Temporeggio bevendo spuma, diceva il saggio. Ma qui spuma non ce n'è e provo a ordinare birra, operazione più complicata del previsto. È calca: un'intera generazione di figli di papà, ancora sicuri di essere dei bimbi speciali, fanno prevalere il loro diritto spingendo e schiacciando il sottoscritto insieme ai figli di altri papà. Un trentenne con i capelli di Briatore tira fuori una mazzettona di biglietti da cinquanta e ne porge uno al barista.
Arrivano le birre, i romani non si vedono e allora meditiamo una per me dolce ritirata, che non si rivela facile, impantanati fra schiene nude e blazerini di Armani.

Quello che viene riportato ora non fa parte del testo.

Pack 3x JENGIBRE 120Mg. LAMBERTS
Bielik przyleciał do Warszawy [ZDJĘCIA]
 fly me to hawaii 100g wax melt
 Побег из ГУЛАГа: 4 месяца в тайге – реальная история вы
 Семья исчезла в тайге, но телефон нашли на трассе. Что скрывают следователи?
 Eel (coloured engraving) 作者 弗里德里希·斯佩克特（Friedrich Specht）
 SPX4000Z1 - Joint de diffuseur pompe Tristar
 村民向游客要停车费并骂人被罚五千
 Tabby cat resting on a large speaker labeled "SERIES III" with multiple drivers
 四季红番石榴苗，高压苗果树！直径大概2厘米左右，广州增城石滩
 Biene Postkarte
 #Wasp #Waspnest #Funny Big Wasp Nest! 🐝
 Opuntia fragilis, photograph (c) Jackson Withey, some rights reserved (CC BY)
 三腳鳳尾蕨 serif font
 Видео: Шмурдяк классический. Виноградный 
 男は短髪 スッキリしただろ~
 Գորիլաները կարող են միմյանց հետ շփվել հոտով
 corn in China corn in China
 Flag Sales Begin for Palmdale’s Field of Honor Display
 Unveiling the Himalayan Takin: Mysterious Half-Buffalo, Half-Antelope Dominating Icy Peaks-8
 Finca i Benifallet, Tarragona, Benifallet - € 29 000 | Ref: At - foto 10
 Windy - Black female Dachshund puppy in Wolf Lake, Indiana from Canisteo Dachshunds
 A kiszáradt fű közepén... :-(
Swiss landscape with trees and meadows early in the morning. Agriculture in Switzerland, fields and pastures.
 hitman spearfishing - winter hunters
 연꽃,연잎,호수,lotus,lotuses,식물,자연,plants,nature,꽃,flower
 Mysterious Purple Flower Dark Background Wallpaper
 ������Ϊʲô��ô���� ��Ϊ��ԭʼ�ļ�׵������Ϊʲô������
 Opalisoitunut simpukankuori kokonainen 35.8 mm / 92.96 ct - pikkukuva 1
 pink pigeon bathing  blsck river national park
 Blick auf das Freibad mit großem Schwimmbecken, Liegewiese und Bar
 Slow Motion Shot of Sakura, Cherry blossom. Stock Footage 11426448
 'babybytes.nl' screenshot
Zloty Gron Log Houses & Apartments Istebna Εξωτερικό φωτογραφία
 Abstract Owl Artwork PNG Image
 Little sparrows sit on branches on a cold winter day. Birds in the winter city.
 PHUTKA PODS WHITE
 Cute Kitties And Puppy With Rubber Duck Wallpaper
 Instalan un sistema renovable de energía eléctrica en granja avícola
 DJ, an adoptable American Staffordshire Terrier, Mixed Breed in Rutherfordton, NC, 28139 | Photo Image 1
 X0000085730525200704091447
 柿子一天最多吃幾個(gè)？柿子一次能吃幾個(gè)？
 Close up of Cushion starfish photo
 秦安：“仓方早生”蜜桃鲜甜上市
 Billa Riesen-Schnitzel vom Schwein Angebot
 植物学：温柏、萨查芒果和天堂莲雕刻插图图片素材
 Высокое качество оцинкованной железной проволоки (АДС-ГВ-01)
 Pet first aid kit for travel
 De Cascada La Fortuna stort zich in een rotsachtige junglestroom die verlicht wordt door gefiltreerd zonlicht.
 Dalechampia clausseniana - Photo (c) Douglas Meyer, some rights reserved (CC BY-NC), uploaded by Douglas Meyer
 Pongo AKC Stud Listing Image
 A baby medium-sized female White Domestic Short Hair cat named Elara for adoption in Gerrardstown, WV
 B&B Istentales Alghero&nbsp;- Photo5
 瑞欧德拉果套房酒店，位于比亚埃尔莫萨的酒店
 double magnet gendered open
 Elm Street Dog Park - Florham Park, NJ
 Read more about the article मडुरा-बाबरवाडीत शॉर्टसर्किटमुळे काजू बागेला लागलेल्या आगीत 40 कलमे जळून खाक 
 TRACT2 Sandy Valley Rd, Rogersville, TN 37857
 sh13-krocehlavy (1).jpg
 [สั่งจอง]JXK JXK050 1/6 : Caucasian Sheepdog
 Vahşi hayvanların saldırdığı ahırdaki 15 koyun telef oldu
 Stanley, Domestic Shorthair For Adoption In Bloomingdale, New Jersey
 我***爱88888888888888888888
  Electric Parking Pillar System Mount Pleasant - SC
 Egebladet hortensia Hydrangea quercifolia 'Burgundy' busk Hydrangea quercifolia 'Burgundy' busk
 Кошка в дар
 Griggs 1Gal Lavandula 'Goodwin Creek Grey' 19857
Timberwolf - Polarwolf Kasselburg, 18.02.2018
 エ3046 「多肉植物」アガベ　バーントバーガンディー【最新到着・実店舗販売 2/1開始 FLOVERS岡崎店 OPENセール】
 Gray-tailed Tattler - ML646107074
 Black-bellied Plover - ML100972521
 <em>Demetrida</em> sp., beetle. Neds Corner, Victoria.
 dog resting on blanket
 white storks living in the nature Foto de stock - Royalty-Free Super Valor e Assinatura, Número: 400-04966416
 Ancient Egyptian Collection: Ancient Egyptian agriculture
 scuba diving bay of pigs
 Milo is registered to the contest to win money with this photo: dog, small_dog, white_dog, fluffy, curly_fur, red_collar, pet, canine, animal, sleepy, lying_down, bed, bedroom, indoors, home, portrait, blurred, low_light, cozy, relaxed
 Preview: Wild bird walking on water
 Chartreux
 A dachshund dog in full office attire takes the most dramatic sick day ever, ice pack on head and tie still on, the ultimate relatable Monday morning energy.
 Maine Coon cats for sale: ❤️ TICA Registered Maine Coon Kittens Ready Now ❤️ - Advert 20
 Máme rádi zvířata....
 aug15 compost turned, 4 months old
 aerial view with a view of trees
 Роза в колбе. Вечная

Siamo davanti alla porta, il Veronese è già quasi fuori, io mi giro per un secondo e in un fotogramma vedo dei capelli tinti di nero, seduti al tavolino all'entrata. Non so che mi prende, ma segnalo l'avvistamento e i romani, ormai arresi alla triste realtà, sembrano felici di vederci e ci fanno accomodare.

Nel giro di dieci minuti i romani però si ringalluzziscono e propongono la puntatina in disco. Stavolta non ce la faccio e mi congedo. Il buon Dà sembra non aver capito e insiste un po', ma riesco comunque a svignarmela.
Appena slego la bici mi sento sicuro, fra le vie del centro di Amsterdam. Nelle finestre senza tende degli appartamenti del quartiere dei musei si intravedono le sagome della bella gente, che ha lasciato il locale prima di noi per fare quello che a volte chiama amore. Io tiro dritto e mi fermo solo davanti al cortiletto di casa. Il giorno dopo esco con gli svaccati e andiamo in uno squat. Quando racconto della sera precedente si fanno tutti due grasse risate.